Vergilendirmedeki bu sorumluluk, genelde ençok uygulanan sorumluluk biçimidir.
Bu sorumluluğun yanında, kimi yasalarda o verginin özelliğinden doğan başkaca
sorumluluk halleri de düzenlenmiştir.
Vergi Usul Yasası'nın 11. maddesinin ilk dört fıkrasıyla getirilen
kurallar çeşitli yasalarda belirlenen vergi sorumluluğu hallerini kapsayan
genel nitelikteki hükümlerdir.
11. maddeye eklenen itiraz konusu fıkrada ise tarımsal ürün
satışlarında aracılık yapan kuruluşlarla borsalara ilişkin olarak özel
sorumluluk getirilmekte ve bu sorumluluğun çeşitli yönleri düzenlenmektedir.
Fıkra kapsamı şöyle açıklanabilir:
Öncelikle tarım ürünlerinin (işlenmiş olanlar dahil) alım ve
satımına aracılık eden kuruluşlarla Ticaret Borsaları vergi sorumlusu olarak
belirlenmişlerdir.
Fıkra ile, tarım ürünlerinin alım ve satımına aracılık eden
kuruluşlara, bu ürünleri satarak gelir sağlayan ve vergi yükümlüsü olan
kişilere, ürünlerin satın alınması sırasında vergi kesmeleri ve ilgili vergi
dairelerine yatırılmaları konusunda sorumluluk yüklenmiştir. Vergi Usul
Yasası'nın 11. maddesinin birinci ve üçüncü fıkra kurallarında sorumluluk
halleri genel olarak düzenlenmiştir. İtiraza konu fıkrada ise, aracı
kuruluşlarla ticaret borsalarının sorumlulukları ayrıca düzenlenmiştir.
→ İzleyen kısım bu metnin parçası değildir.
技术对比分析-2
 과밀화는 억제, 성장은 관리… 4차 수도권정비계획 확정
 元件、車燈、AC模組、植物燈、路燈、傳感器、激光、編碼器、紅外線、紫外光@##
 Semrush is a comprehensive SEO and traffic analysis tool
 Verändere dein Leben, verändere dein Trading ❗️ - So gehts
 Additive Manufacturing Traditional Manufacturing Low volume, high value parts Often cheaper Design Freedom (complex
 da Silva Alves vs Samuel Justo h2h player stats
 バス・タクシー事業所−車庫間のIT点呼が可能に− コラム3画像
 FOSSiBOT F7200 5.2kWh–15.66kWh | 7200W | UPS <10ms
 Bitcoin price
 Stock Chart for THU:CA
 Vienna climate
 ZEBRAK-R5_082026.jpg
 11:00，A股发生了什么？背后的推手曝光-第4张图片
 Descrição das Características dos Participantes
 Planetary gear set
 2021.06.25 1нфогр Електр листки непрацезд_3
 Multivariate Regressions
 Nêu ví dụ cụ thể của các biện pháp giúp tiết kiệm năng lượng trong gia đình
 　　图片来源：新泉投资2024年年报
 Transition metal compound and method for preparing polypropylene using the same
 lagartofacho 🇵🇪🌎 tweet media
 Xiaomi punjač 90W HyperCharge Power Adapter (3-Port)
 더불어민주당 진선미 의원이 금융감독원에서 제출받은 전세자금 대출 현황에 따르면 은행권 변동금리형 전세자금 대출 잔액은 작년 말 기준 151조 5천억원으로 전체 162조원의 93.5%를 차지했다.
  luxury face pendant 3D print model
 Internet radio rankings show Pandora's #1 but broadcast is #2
Öte yandan fıkra ile, aracı kuruluşlarla ticaret borsalarının
müteselsil sorumlulukları öngörülmüştür. "Müteselsil sorumluluk",
kavramı birden fazla kişinin aynı borcun tümünden sorumlu olmalarını ifade
eder.
Vergi kesenler için getirilen müteselsil sorumluluk 213 sayılı
Yasa'nın 11. maddesinin üçüncü fıkrasında yer almıştır.
Ayrıca, itiraz konusu fıkra ile Maliye ve Gümrük Bakanlığı'na iki
tür yetki verilmektedir:
Fıkrada, Maliye ve Gümrük Bakanlığı "zirai ürünlerin alım ve
satımına aracılık eden kuruluşlar ile Ticaret Borsaları'nı bu mahsullerin satın
alınması sırasında vergi tevkifatından müteselsilen sorumlu tutmaya ...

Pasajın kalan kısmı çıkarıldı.